[gecode-users] Linear Diophantine Equations

Neill Clift neillclift at live.com
Wed Jan 4 22:40:11 CET 2017


Hi,
Thanks for your response. I was hoping there was some technique I wasn't 
aware of used in constraint satisfaction systems.
r is small in my system. In fact just having something for r=3 would be 
a big deal. It has to be very fast though as this would be a prune.
I am familiar with integer programming but I thought using something 
like glpk would be too slow.
Neill.

On 1/4/2017 3:03 AM, Christian Schulte wrote:
> Hi Neill,
>
> Gecode uses standard propagation techniques for linear equations: depending
> on the size and values of the a_i propagation tends to be rather weak. It
> can use domain consistent propagation for the linear constraint but its
> complexity is exponential.
>
> It might work reasonably well for small r but why not using a linear integer
> programming solver:
> 	https://en.wikipedia.org/wiki/Integer_programming
>
> Cheers
> Christian
>
> --
> Christian Schulte, www.gecode.org/~schulte
> Professor of Computer Science, KTH, cschulte at kth.se
> Expert Researcher, SICS, cschulte at sics.se
>
>
> -----Original Message-----
> From: users-bounces at gecode.org [mailto:users-bounces at gecode.org] On Behalf
> Of Neill Clift
> Sent: Wednesday, January 4, 2017 01:00
> To: users at gecode.org
> Subject: [gecode-users] Linear Diophantine Equations
>
> Hi,
> I was wondering if people thought if constraint satisfaction in general and
> more specifically gecode was suitable for solving quickly a system system
> like this:
>
> $a_1x_1+a_2x_2+...+a_rx_r=n$
> $1 \leq a_i$
> $1 \leq x_i \leq 2^l$
> $1 \leq l$
> All variables are integers. a_i is given.
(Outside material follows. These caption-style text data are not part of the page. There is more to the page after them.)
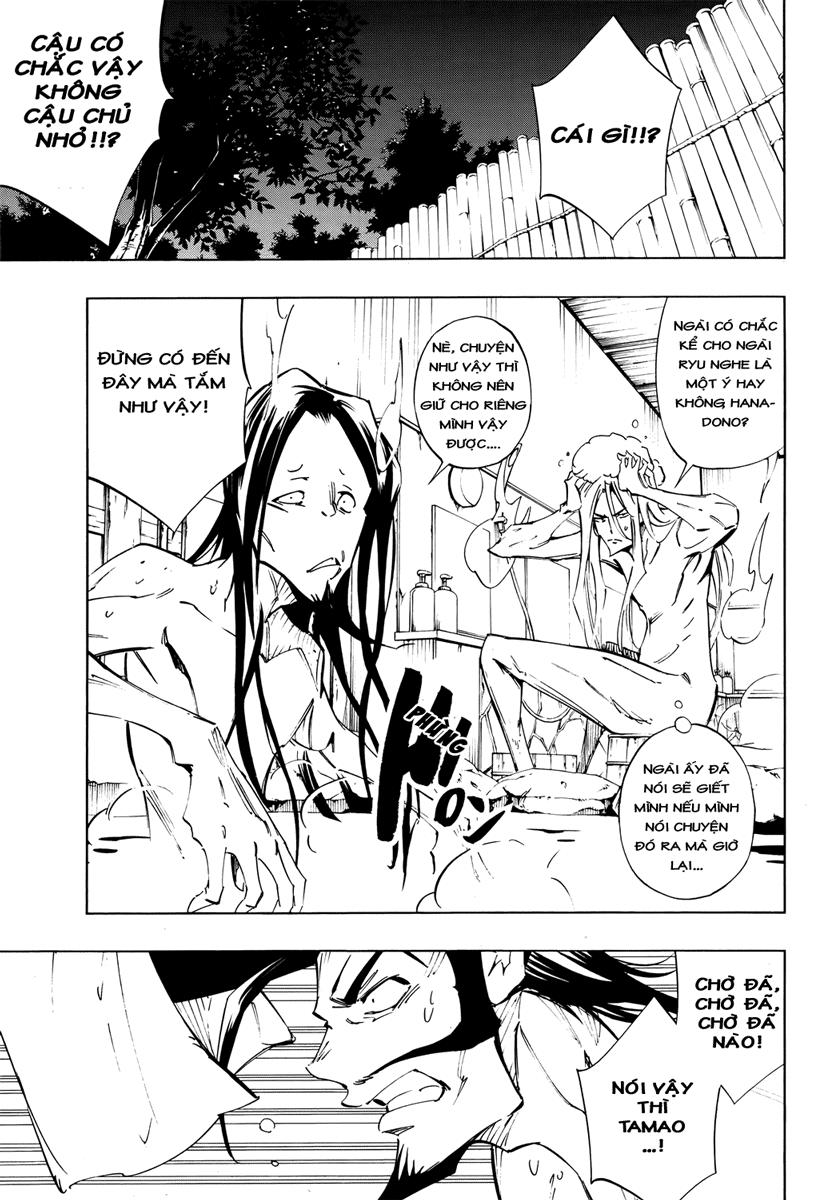Shaman King: Flowers Chap 3 - Next Chap 4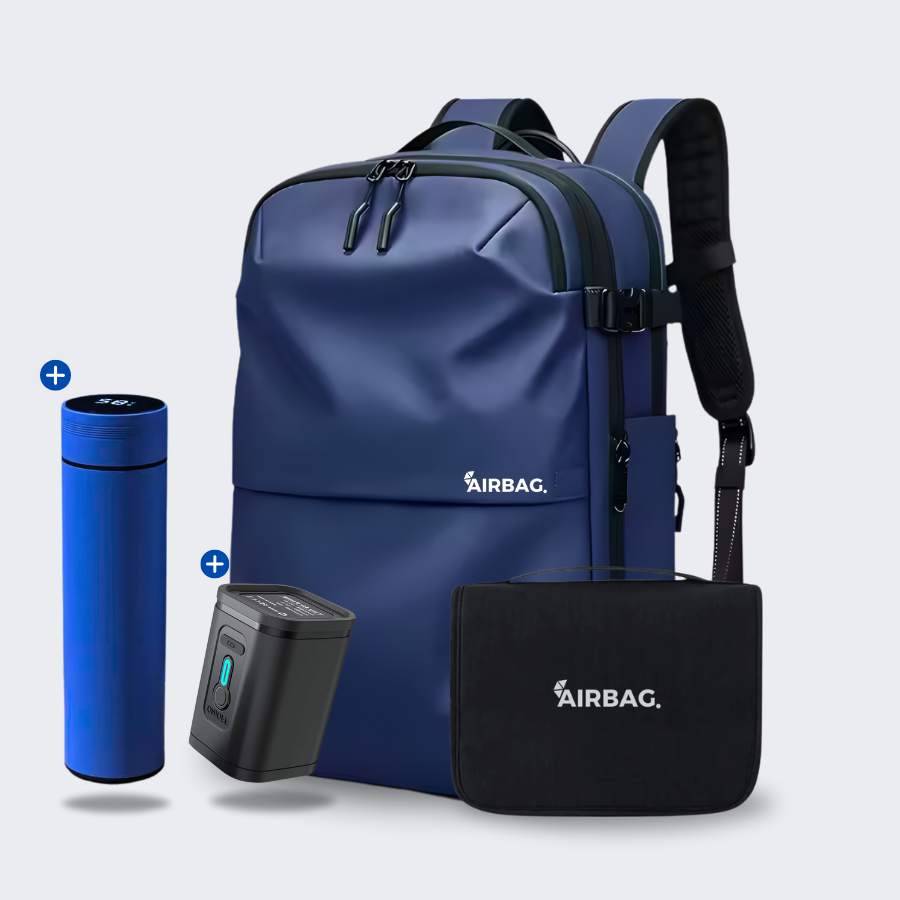 AIRBAG ORIGINAL - PACK TRAVEL NAVY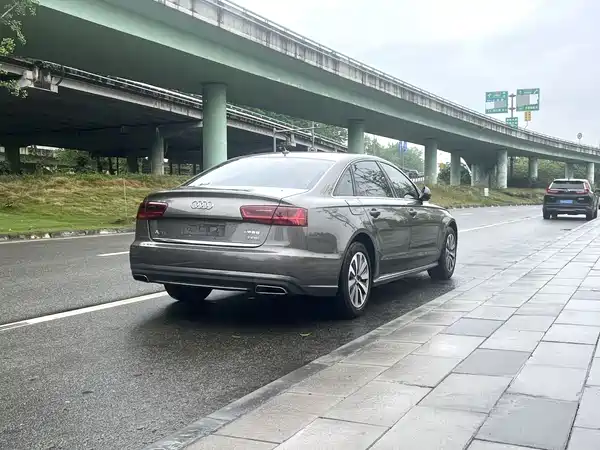 Audi A6L 2017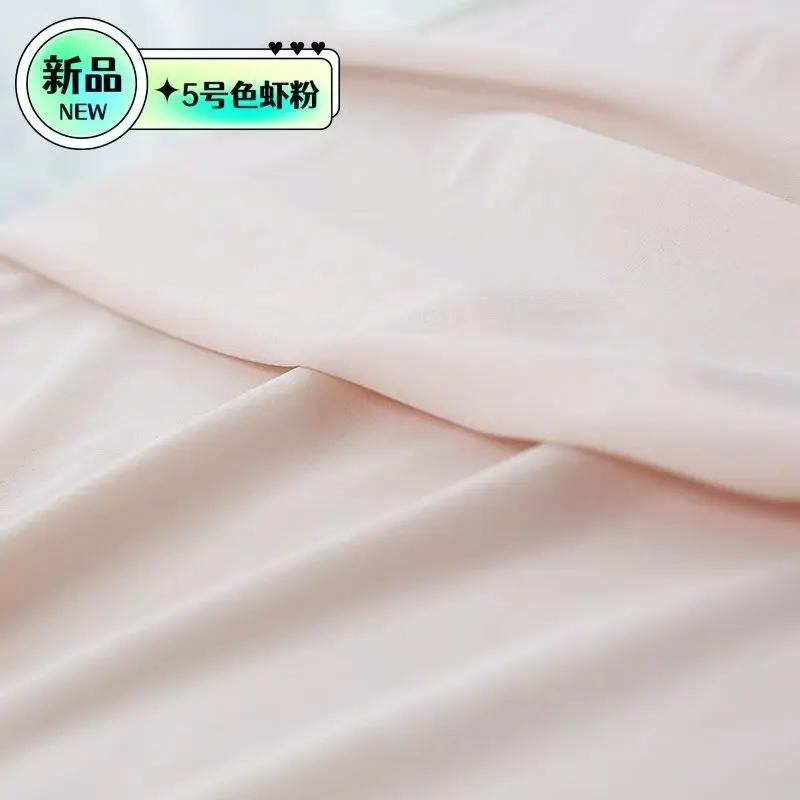 Tkanina szyfonowa 100cm*150cm Materiały odzieżowe do sukienek DIY Projektowanie odzieży Materiały do szycia Oddychająca robótka ręczna Dekoracja domu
We want to find the x_i's.
>
> I have billions of these problems that I could attempt to solve in an
> algorithm I have for computing optimal addition chains. Currently I am only
> solving cases with $r=2$ using extended gcd. This gives me a very powerful
> prune in the code.
>
> Do you think gecode solves these type of problems efficiently? I know I can
> do the equivalent of extended gcd in higher dimensions with the Blankinship
> algorithm etc and then try to enumerate solutions via the specific solution
> and the null space but I haven't managed to achieve anything with this
> approach yet.
> What techniques does gecode use to solve such systems (assuming you have
> something special for linear constraints)?
> I have written code using gecode before so I am familiar with it's usage. I
> am just trying to understand if it might be a good approach or if there are
> good approaches from constraint satisfaction.
> Thanks.
> Neill.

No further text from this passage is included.